Setelah orang-orang tersebut berkumpul, mereka dibagi ke dalam beberapa kelompok. Kemudian, mereka pergi mencari sang putri dengan mengikuti jejak tapak kaki kuda yang ditunggangi oleh sang putri.
Sementara itu, Ta Ina Luhu masih berada di puncak gunung. Ketika hari menjelang siang, tiba-tiba ia mendengar suara orang yang memanggilnya dari jauh. Ia pun sadar bahwa orang-orang tersebut pastilah para pengawal Raja Soya yang datang mencarinya. Oleh karena itu, ia segera meninggalkan tempat itu. Tak begitu lama setelah kepergiannya, sebagian rombongan pengawal Raja Soya yang tiba di tempat itu tidak menemukan sang putri kecuali kulit jambu bekas sisi-sisa makanan sang putri. Konon, rombongan itu kemudian menamakan tempat itu “Gunung Nona”.
Ta Ina Luhu terus memacu kudanya menuruni lereng gunung menuju pantai Amahusu. Karena begitu kencangnya, topi yang dikenakannya diterbangkan angin.
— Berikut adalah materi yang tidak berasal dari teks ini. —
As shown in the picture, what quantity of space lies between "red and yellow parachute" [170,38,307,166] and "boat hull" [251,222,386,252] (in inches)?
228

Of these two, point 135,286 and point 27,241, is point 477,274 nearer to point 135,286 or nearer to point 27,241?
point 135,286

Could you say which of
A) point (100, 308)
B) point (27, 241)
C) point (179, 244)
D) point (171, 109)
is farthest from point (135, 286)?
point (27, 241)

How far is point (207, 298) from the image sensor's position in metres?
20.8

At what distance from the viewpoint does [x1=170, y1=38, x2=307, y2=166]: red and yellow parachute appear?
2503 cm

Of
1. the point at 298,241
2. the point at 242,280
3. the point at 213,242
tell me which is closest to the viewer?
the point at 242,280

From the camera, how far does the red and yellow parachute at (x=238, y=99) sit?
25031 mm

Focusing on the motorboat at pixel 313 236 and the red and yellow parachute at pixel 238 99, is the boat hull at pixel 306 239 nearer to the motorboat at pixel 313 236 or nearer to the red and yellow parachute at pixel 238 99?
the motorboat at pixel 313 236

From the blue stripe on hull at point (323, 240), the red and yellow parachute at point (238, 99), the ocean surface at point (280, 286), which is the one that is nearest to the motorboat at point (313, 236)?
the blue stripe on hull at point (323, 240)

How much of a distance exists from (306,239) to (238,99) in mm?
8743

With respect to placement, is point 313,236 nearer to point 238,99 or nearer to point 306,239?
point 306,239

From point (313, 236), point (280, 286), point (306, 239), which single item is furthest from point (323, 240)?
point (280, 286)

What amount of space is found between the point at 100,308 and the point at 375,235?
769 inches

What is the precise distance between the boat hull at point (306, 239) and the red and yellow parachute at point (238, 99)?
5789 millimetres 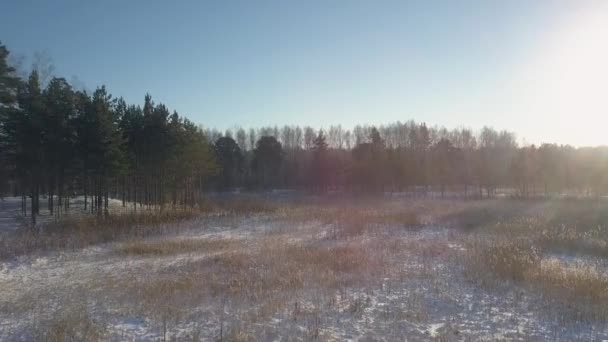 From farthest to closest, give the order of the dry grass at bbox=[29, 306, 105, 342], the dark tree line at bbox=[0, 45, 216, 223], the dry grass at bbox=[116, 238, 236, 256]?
the dark tree line at bbox=[0, 45, 216, 223] < the dry grass at bbox=[116, 238, 236, 256] < the dry grass at bbox=[29, 306, 105, 342]

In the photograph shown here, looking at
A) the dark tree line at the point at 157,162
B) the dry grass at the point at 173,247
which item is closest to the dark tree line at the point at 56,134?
the dark tree line at the point at 157,162

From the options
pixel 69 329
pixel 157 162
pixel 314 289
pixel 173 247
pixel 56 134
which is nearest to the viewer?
pixel 69 329

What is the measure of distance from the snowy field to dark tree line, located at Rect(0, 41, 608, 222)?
376 inches

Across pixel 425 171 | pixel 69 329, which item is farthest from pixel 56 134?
pixel 425 171

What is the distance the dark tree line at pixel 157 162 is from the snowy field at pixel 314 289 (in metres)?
9.56

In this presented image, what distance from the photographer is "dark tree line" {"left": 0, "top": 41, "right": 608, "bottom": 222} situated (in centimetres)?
2680

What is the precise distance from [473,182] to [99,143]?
6370 centimetres

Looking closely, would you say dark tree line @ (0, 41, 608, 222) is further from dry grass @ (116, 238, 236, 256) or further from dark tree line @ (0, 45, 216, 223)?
dry grass @ (116, 238, 236, 256)

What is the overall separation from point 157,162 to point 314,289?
1159 inches

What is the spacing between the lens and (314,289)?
1012 cm

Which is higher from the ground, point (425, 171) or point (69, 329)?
point (425, 171)

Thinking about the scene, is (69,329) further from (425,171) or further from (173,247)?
(425,171)

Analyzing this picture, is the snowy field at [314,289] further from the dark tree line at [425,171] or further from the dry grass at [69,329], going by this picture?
the dark tree line at [425,171]

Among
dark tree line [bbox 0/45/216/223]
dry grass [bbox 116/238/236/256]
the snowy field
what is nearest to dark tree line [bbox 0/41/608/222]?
dark tree line [bbox 0/45/216/223] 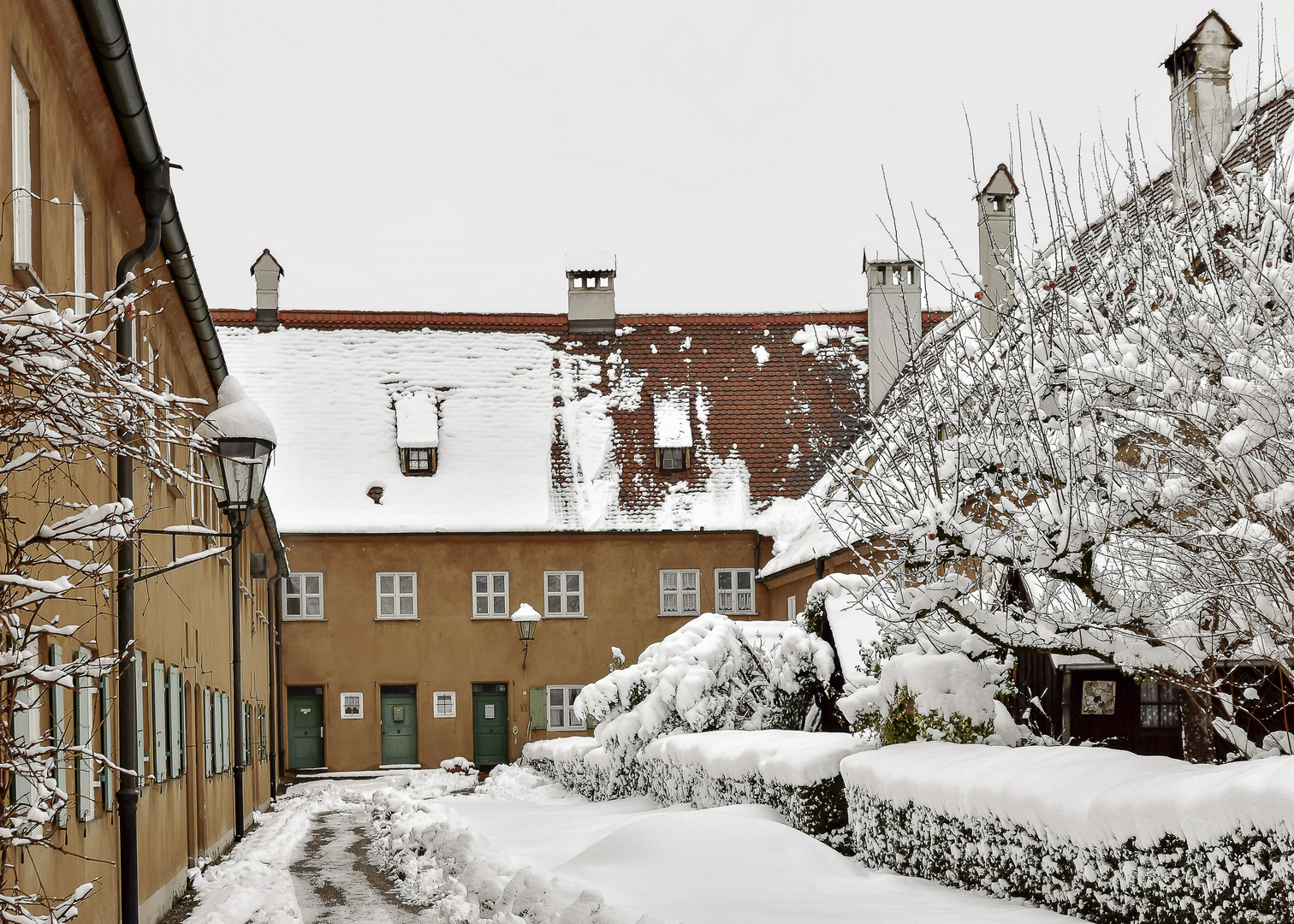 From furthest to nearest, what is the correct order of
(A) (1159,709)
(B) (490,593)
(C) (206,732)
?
1. (B) (490,593)
2. (A) (1159,709)
3. (C) (206,732)

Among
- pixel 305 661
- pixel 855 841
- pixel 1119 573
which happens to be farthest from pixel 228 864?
pixel 305 661

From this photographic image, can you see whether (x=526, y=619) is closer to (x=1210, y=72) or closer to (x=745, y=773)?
(x=1210, y=72)

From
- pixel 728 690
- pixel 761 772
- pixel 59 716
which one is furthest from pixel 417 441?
pixel 59 716

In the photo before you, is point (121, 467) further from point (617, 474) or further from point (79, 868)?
point (617, 474)

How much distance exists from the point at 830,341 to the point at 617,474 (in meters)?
7.81

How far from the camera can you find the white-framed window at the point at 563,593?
126 feet

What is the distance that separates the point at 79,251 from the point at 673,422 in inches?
1195

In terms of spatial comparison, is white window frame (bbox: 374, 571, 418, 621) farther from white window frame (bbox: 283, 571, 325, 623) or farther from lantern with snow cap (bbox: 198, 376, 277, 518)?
lantern with snow cap (bbox: 198, 376, 277, 518)

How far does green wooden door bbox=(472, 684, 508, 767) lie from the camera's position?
37.6 metres

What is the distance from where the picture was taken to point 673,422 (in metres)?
39.9

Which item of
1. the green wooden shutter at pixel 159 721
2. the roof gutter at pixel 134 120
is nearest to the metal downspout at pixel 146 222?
the roof gutter at pixel 134 120

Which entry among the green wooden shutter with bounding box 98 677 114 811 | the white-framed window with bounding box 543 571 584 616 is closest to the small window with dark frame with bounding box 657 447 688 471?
the white-framed window with bounding box 543 571 584 616

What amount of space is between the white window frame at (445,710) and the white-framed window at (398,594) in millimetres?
2030

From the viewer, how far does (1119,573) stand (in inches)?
407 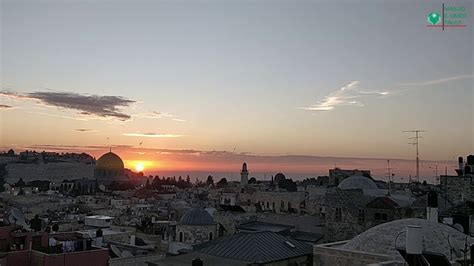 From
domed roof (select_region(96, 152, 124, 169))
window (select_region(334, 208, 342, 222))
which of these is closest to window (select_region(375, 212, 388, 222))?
window (select_region(334, 208, 342, 222))

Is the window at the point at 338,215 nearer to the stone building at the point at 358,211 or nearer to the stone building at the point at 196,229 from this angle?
the stone building at the point at 358,211

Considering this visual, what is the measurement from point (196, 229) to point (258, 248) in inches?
410

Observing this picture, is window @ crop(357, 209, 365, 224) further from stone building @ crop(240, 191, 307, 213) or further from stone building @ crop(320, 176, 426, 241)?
stone building @ crop(240, 191, 307, 213)

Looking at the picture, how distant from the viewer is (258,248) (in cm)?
1850

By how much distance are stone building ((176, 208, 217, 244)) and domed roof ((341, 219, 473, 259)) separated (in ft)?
51.9

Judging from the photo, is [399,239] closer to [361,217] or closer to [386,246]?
[386,246]

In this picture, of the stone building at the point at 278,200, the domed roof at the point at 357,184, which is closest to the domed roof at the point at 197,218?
the domed roof at the point at 357,184

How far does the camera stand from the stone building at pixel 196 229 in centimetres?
2827

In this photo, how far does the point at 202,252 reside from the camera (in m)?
19.5

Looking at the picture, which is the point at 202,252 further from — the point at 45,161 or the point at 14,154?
the point at 14,154

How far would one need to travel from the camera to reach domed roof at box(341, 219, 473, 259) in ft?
39.4

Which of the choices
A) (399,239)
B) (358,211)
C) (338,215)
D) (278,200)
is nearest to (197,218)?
(338,215)

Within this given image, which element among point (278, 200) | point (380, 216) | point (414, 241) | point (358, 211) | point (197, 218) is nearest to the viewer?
point (414, 241)

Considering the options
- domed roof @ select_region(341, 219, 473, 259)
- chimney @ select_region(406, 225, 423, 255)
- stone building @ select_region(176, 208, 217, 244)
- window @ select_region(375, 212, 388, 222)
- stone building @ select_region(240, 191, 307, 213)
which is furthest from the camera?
stone building @ select_region(240, 191, 307, 213) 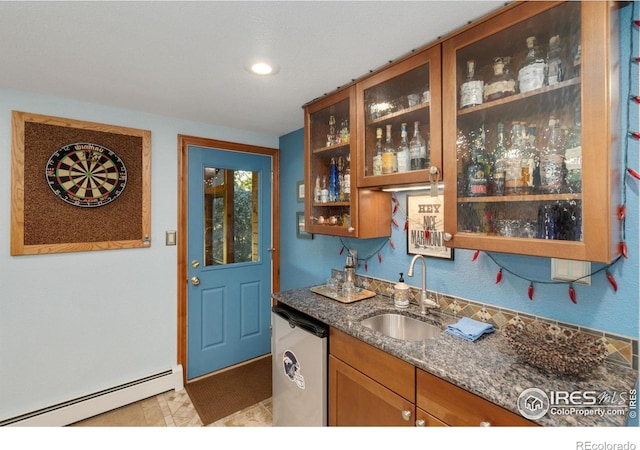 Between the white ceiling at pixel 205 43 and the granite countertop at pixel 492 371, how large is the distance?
1326 mm

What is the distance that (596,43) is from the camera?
2.95ft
Menurut cerita, ketika sang putrid hendak berhenti mengambilnya, topi itu tiba-tiba menjelma menjadi sebuah batu. Batu itu kemudian diberi nama “Batu Capeu”.
Ta Ina Luhu terus menelusuri pantai Amahusu hingga akhirnya sampai ke Ambon. Tumbuh sang putri tampak begitu lemah karena lapar dan haus. Demikian pula dengan kuda tunggangannya. Setelah beberapa jauh berjalan mencari air minum, akhirnya ia menemukan sebuah mata air. Ta Ina dan Luhu segera meminum air dari mata air tersebut dengan sepuasnya. Konon, mata air itu dinamakan “Air Putri”.
Setelah sejenak beristirahat di tempat itu, Ta Ina Luhu berniat untuk kembali ke puncak Gunung Nona dengan melalui jalan yang berbeda agar tidak bertemu dengan para pengawal Raja Soya. Namun, ketika hendak beranjak dari tempat itu, ia kembali mendengar suara orang-orang memanggilnya.
“Putri…, Putri…, Putri Ta Ina Luhu…! Kembalilah… Baginda Raja Soya sedang menunggumu!”
Ta Ina Luhu pun segera naik ke atas kudanya hendak melarikan diri. Namun, begitu ia akan memacu kudanya, tiba-tiba rombongan Raja Soya datang menghadangnya. Dalam keadaan terdesak, Ta Ina Luhu segera turun dari kudanya seraya berlutut memohon kepada Tuhan agar rombongan itu tidak membawanya pulang ke istana Soya.
“Oh, Tuhan! Tolonglah Beta ini! Beta tidak mau kembali ke istana Soya. Beta tidak mau merepotkan orang lain. Biarkanlah Beta hidup sendirian!” pinta Ta Ina Luhu.
Ketika salah seorang pengawal akan menarik tangannya, tiba-tiba Ta Ina Luhu menghilang secara gaib. Rombongan pengawal tersebut tersentak kaget. Mereka hanya terperangah menyaksikan peristiwa ajaib itu.
Sejak peristiwa itu, penduduk Ambon sering diganggu oleh sesosok makhluk halus. Jika hujan turun bersamaan dengan cuaca panas, seringkali ada warga—terutama anak-anak—yang hilang. Menurut kepercayaan masyarakat setempat, makhluk halus yang suka mengambil anak-anak tersebut adalah penjelmaan dari Ta Ina Luhu. Sejak itu pula, Ta Ina Luhu dipanggil dengan sebutan Nenek Luhu. Hanya saja, hingga saat ini tak seorang pun yang tahu mengapa Nenek Luhu suka mengganggu penduduk Ambon, terutama anak-anak.